O local do espetáculo foi o Hard Club, que é uma das principais casas de espetáculo do Porto. Construído numa estrutura metálica vermelha e moderna, contrasta com a antiguidade de tudo que o cerca. Contrasta positivamente, sem ofender nem ser ofendido pelo ambiente.

O interior da casa. É igualmente inovador. O teto se eleva, abrindo um gigantesco campo de visão – similar talvez à altura dos tetos de certas igrejas. No segundo andar, há um café, com, além dos tradicionais bancos e mesas, puffs para se sentar ao chão. Sentei-me num dos puffs, enquanto aguardava a hora da abertura para o show. Existem várias salas/ambientes, em que são realizados diversos tipos de espetáculo. É uma casa multifuncional.

O espetáculo em que fui, chamado “Sarau a pedais”, era em uma sala pequena, com cerca de 30 cadeiras não fixas (o ambiente também é usado para festas) ali colocadas para o público esperado. Foi algo pequeno. No espetáculo em si, um gajo, solo, trajado com uma roupa branca que me (propositalmente ou não) remeteu ao figurino de “Laranja Mecânica”, já adulto, passeia entre brinquedos e objetos de sua infância. Não há falas, apenas uma trilha sonora que transpassa os movimentos. Através do trabalho de expressão, corporal e facial, o personagem se encanta e relembra sua infância, à qual ainda se apega, como se não a quisesse abandonar. Num momento, livra do paletó e mergulha no universo infantil. Tira o pó dos velhos objetos, diverte-se a andar de bicicleta pelo palco. Uma encenação bonita. Pequena, alternativa, e bonita.

Duas semanas após isso, tive outra experiência. Passado na rua em frente a milhares de cartazes pregados nos muros (por sinal, lindíssima arte do cartaz. Parabéns a quem a fez!), impossível não saber (a quem olhasse aos cartazes a sua volta, claro) que seria encenado aqui no Porto a ópera Rigoletto, de Verdi. Sempre fui fã de óperas, e não pude deixar de ir. Uma ópera, em plena Europa? Melhor, só se fosse na Itália.

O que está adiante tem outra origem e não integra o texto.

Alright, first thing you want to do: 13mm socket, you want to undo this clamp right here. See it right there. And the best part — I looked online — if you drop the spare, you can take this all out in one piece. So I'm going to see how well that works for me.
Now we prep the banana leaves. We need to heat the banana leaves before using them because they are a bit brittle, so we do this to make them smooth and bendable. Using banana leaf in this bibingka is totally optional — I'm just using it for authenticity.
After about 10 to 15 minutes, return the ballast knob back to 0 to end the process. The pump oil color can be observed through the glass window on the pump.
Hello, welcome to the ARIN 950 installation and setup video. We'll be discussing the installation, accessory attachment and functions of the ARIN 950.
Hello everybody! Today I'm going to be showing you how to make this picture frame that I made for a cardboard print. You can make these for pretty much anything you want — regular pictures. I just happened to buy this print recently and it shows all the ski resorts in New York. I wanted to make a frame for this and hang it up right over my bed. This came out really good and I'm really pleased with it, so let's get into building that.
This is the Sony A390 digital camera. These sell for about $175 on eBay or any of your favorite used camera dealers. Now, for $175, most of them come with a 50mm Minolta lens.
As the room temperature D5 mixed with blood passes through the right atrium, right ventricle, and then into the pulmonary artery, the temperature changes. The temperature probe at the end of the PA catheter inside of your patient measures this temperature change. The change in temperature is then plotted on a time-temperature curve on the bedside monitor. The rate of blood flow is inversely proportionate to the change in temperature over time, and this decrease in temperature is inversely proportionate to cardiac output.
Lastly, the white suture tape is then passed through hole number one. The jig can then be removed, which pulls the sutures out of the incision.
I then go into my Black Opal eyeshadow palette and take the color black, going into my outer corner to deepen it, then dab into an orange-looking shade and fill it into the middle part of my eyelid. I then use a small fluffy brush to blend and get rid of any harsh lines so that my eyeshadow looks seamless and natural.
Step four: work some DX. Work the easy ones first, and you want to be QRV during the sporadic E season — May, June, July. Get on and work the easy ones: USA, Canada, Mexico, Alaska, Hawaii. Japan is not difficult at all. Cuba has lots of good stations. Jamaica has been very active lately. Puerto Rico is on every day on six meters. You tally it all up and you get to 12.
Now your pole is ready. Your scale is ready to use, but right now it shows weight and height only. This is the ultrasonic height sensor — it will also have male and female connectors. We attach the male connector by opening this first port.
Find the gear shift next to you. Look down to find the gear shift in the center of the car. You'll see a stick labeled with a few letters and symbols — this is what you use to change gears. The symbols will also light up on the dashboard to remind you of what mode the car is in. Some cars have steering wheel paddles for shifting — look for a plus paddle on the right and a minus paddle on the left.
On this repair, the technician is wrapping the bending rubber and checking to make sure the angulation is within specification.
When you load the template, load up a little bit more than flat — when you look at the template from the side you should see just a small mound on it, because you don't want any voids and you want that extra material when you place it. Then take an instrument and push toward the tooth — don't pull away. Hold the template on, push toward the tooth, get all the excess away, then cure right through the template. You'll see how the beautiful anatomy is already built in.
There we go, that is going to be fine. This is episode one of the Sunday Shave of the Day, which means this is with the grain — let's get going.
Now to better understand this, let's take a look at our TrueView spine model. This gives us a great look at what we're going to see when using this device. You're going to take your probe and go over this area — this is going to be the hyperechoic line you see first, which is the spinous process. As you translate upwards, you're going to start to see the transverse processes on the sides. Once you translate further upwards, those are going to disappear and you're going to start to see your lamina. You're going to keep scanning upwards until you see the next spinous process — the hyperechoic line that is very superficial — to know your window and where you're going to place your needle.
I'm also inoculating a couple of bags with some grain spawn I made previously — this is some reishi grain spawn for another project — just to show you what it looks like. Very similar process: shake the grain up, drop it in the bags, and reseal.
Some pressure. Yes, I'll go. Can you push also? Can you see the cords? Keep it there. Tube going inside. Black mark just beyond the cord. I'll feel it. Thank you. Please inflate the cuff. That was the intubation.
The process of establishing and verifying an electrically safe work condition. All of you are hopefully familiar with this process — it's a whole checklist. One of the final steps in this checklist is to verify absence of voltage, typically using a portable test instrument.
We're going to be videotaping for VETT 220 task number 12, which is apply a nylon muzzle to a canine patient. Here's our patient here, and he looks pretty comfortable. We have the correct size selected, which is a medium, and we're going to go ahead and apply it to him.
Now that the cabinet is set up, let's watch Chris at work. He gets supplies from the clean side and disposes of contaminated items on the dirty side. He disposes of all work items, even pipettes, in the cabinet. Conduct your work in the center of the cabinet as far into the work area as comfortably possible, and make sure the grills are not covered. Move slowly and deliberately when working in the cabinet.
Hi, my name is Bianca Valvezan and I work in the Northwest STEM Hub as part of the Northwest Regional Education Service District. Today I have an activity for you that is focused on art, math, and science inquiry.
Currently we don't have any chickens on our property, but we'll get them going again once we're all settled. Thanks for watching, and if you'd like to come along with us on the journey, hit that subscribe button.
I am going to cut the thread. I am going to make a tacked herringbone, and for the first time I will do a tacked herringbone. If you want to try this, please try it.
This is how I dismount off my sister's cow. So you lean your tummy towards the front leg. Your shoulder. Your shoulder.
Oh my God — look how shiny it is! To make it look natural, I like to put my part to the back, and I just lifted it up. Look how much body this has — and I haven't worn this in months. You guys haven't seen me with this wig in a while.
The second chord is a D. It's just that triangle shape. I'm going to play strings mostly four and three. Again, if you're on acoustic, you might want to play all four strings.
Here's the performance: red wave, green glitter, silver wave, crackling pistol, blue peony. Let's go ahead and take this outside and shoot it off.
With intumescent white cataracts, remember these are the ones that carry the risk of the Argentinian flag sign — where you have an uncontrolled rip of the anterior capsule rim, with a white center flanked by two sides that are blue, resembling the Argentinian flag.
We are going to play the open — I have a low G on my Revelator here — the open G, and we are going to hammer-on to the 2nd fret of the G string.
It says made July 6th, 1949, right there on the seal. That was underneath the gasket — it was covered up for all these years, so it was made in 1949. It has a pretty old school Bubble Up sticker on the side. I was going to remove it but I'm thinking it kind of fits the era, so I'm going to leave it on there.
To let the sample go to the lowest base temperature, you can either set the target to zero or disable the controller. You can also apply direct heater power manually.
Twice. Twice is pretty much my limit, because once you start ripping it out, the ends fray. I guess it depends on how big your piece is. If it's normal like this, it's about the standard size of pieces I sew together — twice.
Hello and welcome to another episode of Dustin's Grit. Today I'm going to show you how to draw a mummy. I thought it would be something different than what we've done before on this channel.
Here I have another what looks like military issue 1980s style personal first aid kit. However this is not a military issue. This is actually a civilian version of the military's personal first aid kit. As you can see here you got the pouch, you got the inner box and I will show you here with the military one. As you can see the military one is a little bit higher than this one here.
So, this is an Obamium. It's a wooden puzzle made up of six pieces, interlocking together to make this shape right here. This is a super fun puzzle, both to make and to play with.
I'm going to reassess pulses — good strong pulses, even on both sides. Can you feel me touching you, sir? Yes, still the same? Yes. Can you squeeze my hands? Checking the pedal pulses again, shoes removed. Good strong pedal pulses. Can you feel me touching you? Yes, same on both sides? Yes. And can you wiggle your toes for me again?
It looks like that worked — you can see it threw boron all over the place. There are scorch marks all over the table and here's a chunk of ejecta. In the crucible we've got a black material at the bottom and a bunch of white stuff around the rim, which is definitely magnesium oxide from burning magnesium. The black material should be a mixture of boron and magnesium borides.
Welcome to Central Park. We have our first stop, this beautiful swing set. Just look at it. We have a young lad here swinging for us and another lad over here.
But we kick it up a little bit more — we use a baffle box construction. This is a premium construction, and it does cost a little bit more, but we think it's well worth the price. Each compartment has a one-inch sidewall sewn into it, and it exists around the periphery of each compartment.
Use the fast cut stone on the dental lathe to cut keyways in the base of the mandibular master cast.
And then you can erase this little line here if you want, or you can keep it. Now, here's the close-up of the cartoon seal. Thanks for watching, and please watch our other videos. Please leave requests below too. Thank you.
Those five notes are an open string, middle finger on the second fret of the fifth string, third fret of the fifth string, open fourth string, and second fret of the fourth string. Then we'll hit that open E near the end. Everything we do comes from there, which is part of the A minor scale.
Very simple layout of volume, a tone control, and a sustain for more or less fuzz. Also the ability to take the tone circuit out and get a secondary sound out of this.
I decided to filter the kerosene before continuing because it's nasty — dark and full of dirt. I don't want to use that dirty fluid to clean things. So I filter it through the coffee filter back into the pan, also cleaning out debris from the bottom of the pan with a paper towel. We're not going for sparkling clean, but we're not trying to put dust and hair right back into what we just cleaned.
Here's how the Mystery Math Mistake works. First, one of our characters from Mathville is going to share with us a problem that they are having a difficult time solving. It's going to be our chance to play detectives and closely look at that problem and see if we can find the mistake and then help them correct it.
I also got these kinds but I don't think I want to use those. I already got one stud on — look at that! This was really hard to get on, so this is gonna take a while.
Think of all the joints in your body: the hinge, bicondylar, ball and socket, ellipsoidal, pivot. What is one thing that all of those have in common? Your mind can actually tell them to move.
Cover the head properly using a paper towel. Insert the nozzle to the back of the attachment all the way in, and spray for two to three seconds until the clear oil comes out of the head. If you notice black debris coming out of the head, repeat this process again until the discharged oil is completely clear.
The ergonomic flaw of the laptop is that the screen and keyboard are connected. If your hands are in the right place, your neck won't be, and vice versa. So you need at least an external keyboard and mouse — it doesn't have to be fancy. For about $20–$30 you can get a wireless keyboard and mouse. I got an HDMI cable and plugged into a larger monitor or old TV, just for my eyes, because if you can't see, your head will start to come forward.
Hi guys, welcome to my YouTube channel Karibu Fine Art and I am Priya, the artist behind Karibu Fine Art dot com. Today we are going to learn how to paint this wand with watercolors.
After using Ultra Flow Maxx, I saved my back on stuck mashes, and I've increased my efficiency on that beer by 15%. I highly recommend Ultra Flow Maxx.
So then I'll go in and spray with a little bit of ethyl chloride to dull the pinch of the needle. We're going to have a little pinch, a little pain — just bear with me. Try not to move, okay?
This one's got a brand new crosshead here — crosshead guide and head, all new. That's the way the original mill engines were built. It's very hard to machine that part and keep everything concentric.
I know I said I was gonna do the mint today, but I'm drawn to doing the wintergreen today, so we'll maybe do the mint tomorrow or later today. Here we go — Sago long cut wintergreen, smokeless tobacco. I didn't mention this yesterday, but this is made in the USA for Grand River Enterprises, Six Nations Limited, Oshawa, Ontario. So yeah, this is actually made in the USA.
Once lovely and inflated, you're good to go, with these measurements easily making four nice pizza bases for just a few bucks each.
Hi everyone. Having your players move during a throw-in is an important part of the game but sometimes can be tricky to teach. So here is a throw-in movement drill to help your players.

A história dessa ópera é de uma atualidade assustadora. Em resumo, Rigoletto é um bobo da corte, velho e aleijado. Sua única felicidade é sua bela filha. Um rico duque então seduz a moça e desvirgina. Ela se apaixona por ele. Após idas e vindas, Rigoletto quer vingar-se. Arma um plano para matar o rico, mas a moça, cega de amor, sacrifica-se em seu lugar, fazendo com que o pai a mate sem saber que dela de trata. O duque sai ileso e o Rigoletto com a vida devastada com a perda da filha. A moral? Os ricos fodem os pobres, os homens enganam as mulheres que, idiotas e ludibriadas, se sacrificam por amor.

A companhia que realizou a ópera é da Moldávia (sim, a Moldávia é um país e existe). O espetáculo foi bonito, mas se eu precisasse definir mais a fundo diria que foi burocrático. O que quero dizer com isso? Não foi ruim ou decepcionante, de forma alguma, foi belo, mas não substancialmente diferente, em construção, qualidade ou qualquer aspecto, de outras óperas que já vi em solo brasileiro. Foi dentro do esperado, ou estandartizado, digamos assim. Belíssimo, mas não encantador.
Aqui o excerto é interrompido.